Vice Governor of the China Construction Bank
- In office April 2013 – December 2020
- Governor: Zhang Jianguo [zh] Wang Zuji [zh] Liu Guiping

Personal details
- Born: May 1960 (age 66) Dongzhi County, Anhui, China
- Party: Chinese Communist Party (expelled in 2025)
- Alma mater: Dongbei University of Finance and Economics Peking University

= Zhang Gengsheng =

Chinese economist

Zhang Gengsheng (章更生 (Zhāng Gēngshēng); born May 1960) is a Chinese executive and economist who served as vice governor of the China Construction Bank from 2013 to 2020. As of November 2024 he was under investigation by the Central Commission for Discipline Inspection.

== Early life and education ==
Zhang was born in Dongzhi County, Anhui, in May 1960. In 1984 he graduated from Liaoning College of Finance and Economics (now Dongbei University of Finance and Economics). In 2010, he obtained a master's degree in business administration for senior management from Peking University.

== Career ==
In December 1996, Zhang became vice governor of Three Gorges Branch of the China Construction Bank, rising to governor in September 1998. He served as deputy general manager of the Business Department of China Construction Bank in June 2000, and three years later promoted to the general manager position. He also served as general manager of Group Customer Department from March 2004 to December 2010 and vice governor of the Beijing Branch from October 2006 to December 2010. He rose to become vice governor of the China Construction Bank in April 2013, in addition to serving as chairman of CCB Life Insurance Co., Ltd..

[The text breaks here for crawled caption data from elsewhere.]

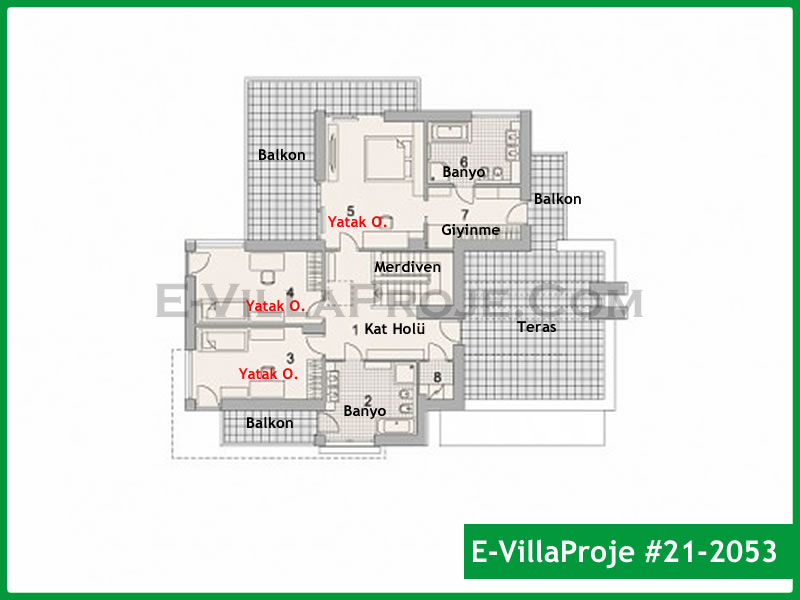 Model 21-2053 — 241 m², 2 Kat thumbnail 3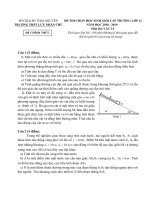 Đề thi HSG vật lí 12 năm 2018 2019 trường lưu nhân chú thái nguyên 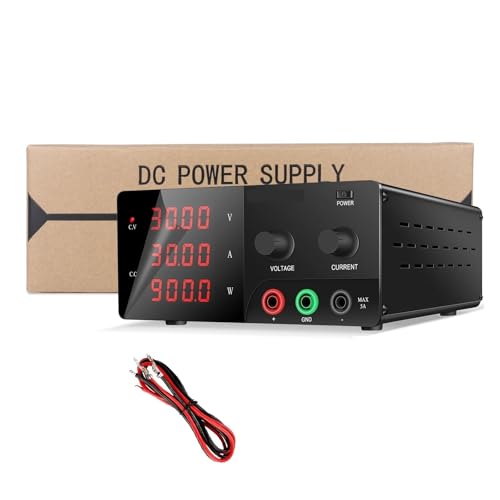 900 W 1200 W Gleichstromversorgung, variabel, einstellbar, Labor-Schaltnetzteil, geregelt, 30 V 30 A, 60 V 20 A, 120 V 10 A, 60 A, 200 V 5 A, Spannungsregler Weit verbreitet(200V 3A) von JHXHFJXZ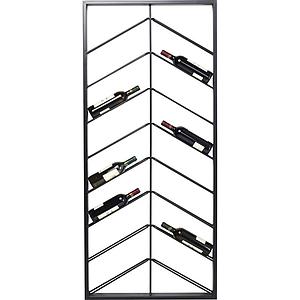 Porte-bouteilles mural Bistro double 160cm Kare Design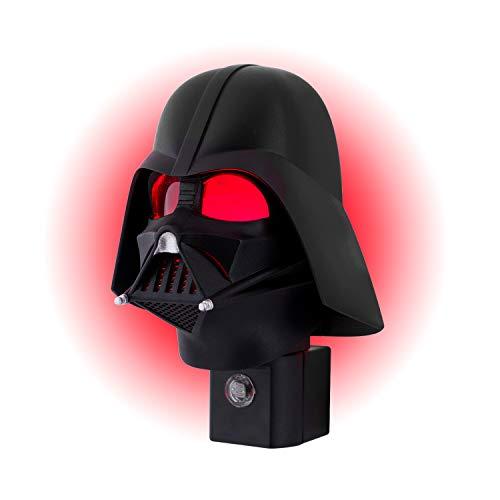 Star Wars Mini Darth Vader LED Night Light, Collector’s Edition, Plug-in, Dusk-to-Dawn Sensor, Disney, Red Glow, Ideal for Bedroom, Bathroom, Nursery, 44607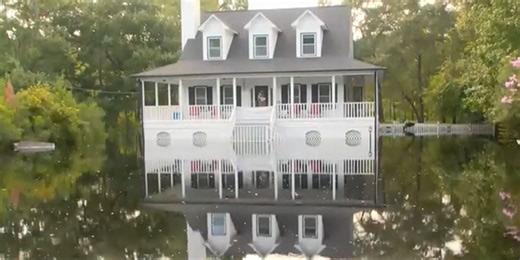 Flood waters restrict access to home in Conway neighborhood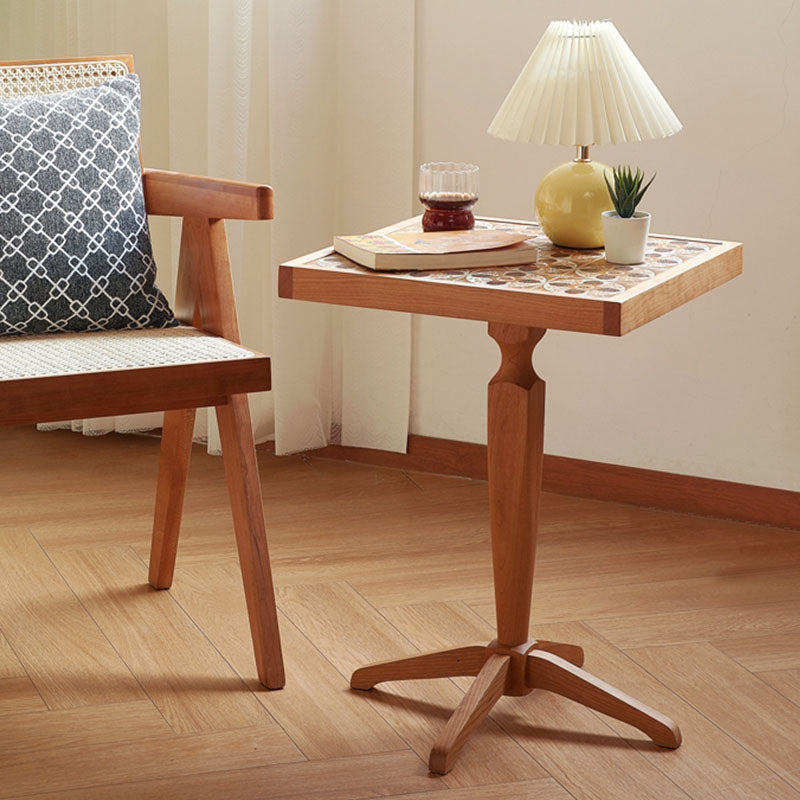 Kitty Side Table, Cherry Wood in a modern UK home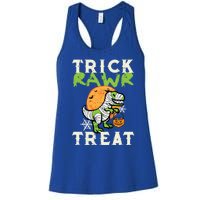 Halloween Trick Rawr Treat Dino Trex Costume Cool Gift Women's Racerback Tank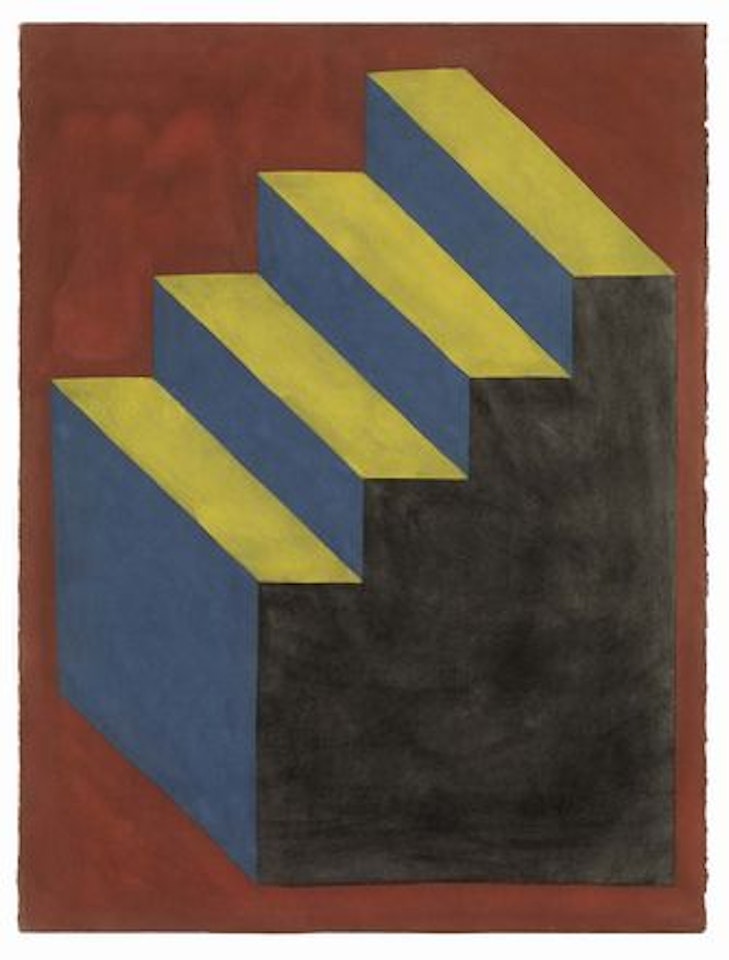 Isometric Figures (Steps) by Sol LeWitt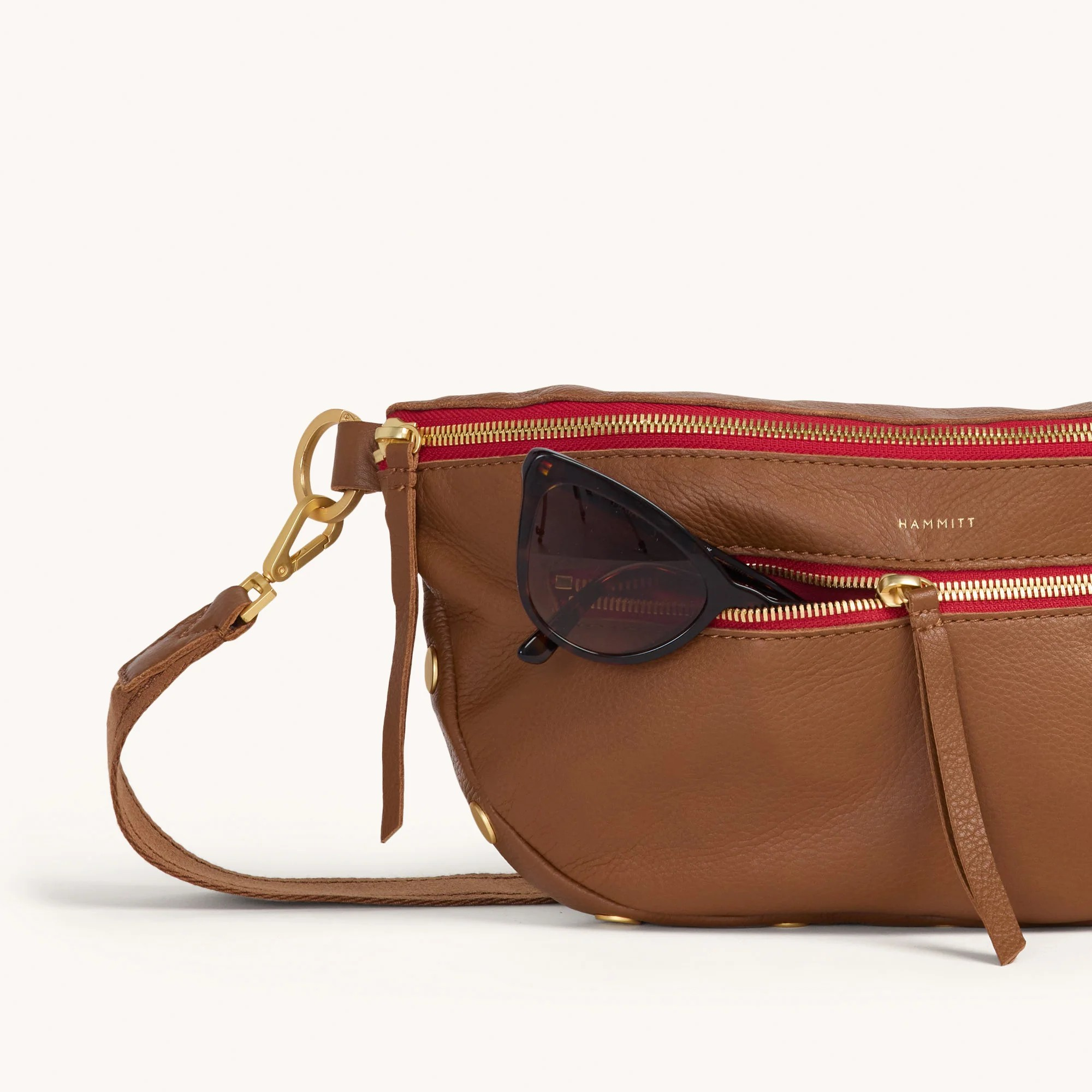 Charles Crossbody Lrg - Mahogany Pebble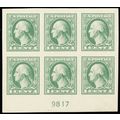 531, Mint NH Superb 1¢ Plate Block of Six Stamp...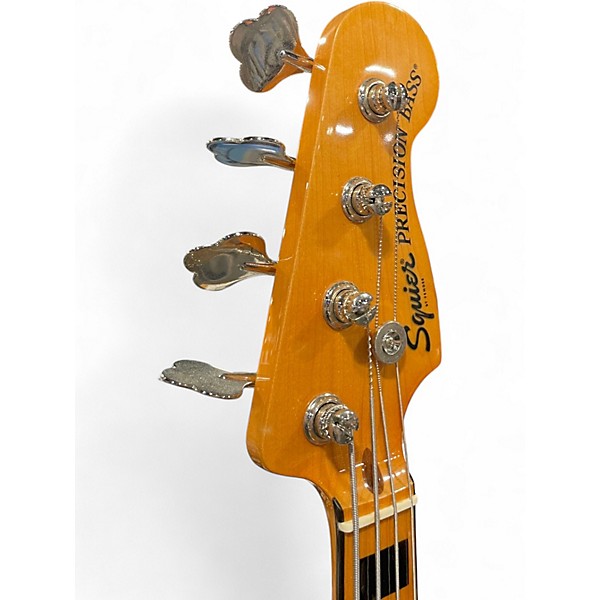 Used Squier Classic Vibe 1970S Precision Bass Brown Electric Bass Guitar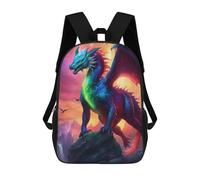 sinyumoney Sacs À Dos Pour Enfants Apocalyptic Magical Dragon Sac D'école Imprimé En 3D Pour Enfants, Sac À Dos De Voyage Tendance Pour Écoliers 17inch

In July 2021, Zhang became an outside director of the State Grid Corporation of China.

== Downfall ==
On 8 November 2024, Zhang was suspected of "serious violations of laws and regulations" by the Central Commission for Discipline Inspection (CCDI), the party's internal disciplinary body, and the National Supervisory Commission, the highest anti-corruption agency of China.

On 23 April 2025, Zhang was expelled from the CCP. On May 20, he was arrested by the Supreme People's Procuratorate. On September 8, was indicted on suspicion of accepting bribes and issuing loans improperly.